*What you need to do*. Below are entries. Copy exactly the lines running from the line that holds "Хилари с списке обсуждений на Just Jared Хилари" to the line that holds "Torreón de donde", with both ends included.

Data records
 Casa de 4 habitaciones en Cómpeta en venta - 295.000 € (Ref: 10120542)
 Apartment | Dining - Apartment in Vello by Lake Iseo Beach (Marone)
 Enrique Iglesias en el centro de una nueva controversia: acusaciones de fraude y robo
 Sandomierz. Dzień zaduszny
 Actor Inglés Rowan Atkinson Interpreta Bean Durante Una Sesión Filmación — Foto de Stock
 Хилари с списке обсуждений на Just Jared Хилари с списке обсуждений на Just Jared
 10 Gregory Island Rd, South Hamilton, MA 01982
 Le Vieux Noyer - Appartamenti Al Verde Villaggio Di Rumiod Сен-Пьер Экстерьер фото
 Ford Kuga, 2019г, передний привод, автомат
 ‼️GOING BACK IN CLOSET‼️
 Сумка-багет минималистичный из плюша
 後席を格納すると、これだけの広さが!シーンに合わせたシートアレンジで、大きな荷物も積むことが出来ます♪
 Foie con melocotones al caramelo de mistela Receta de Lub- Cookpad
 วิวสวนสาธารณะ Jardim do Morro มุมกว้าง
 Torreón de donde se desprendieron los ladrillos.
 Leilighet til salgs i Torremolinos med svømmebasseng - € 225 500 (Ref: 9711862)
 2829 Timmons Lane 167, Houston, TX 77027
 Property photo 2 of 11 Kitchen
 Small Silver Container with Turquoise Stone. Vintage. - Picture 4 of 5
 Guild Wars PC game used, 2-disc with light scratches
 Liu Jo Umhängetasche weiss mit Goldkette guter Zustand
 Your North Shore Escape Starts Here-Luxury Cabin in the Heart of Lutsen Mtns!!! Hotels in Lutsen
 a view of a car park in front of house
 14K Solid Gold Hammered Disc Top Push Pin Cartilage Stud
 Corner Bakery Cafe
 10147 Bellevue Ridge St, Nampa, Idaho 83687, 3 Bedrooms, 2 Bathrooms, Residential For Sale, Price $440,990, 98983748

*Solved exercise*.
 Хилари с списке обсуждений на Just Jared Хилари с списке обсуждений на Just Jared
 10 Gregory Island Rd, South Hamilton, MA 01982
 Le Vieux Noyer - Appartamenti Al Verde Villaggio Di Rumiod Сен-Пьер Экстерьер фото
 Ford Kuga, 2019г, передний привод, автомат
 ‼️GOING BACK IN CLOSET‼️
 Сумка-багет минималистичный из плюша
 後席を格納すると、これだけの広さが!シーンに合わせたシートアレンジで、大きな荷物も積むことが出来ます♪
 Foie con melocotones al caramelo de mistela Receta de Lub- Cookpad
 วิวสวนสาธารณะ Jardim do Morro มุมกว้าง
 Torreón de donde se desprendieron los ladrillos.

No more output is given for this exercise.